ASSIGNED TASK: Extract the lines from the first one in the records below through the line containing "Iris LAST VAMPYRE", keeping both ends and leaving out any pictures.
*** SUPPLIED RECORDS Section Begins ***
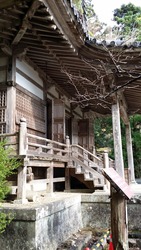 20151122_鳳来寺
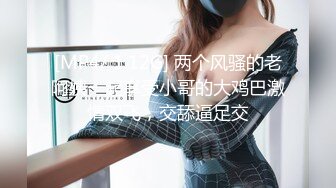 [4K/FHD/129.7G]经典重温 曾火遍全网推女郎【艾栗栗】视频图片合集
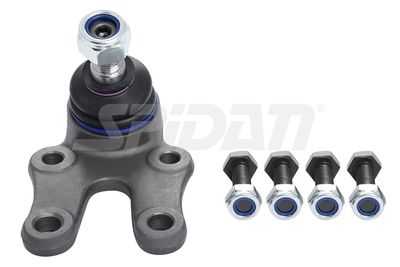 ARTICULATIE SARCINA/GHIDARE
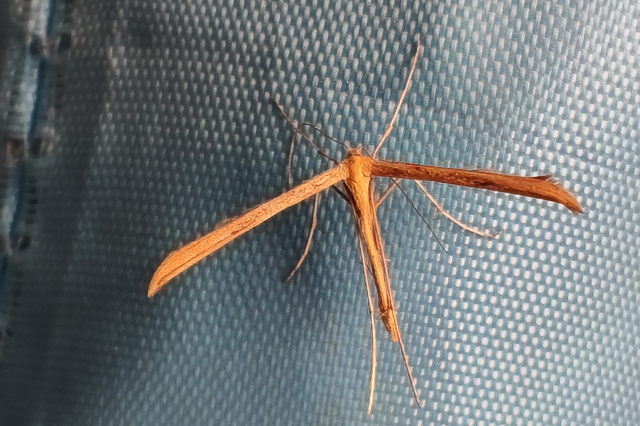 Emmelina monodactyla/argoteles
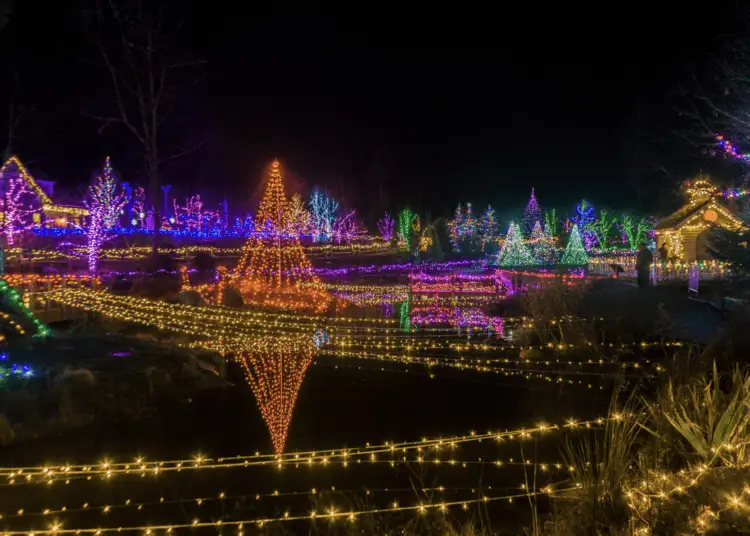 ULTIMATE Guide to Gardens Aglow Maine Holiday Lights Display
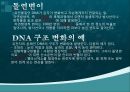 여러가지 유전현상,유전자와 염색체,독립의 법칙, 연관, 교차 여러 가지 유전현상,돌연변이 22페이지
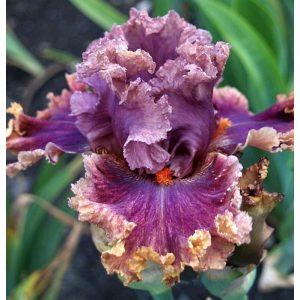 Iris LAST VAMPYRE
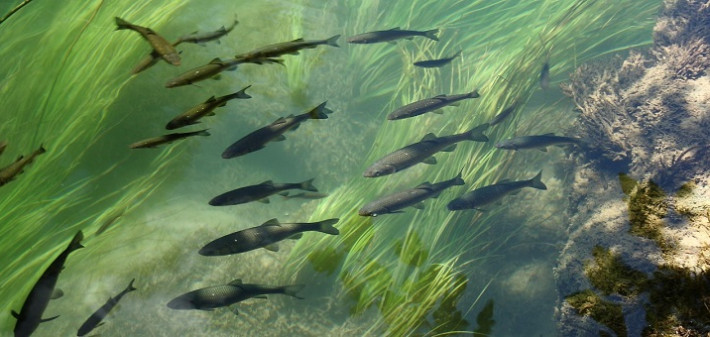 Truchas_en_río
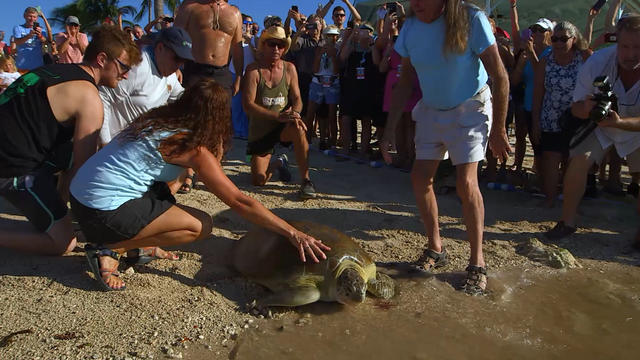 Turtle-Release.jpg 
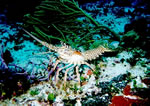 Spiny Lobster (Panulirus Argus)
*** SUPPLIED RECORDS Section Ends ***
OUTPUT:
 20151122_鳳来寺
 [4K/FHD/129.7G]经典重温 曾火遍全网推女郎【艾栗栗】视频图片合集
 ARTICULATIE SARCINA/GHIDARE
 Emmelina monodactyla/argoteles
 ULTIMATE Guide to Gardens Aglow Maine Holiday Lights Display
 여러가지 유전현상,유전자와 염색체,독립의 법칙, 연관, 교차 여러 가지 유전현상,돌연변이 22페이지
 Iris LAST VAMPYRE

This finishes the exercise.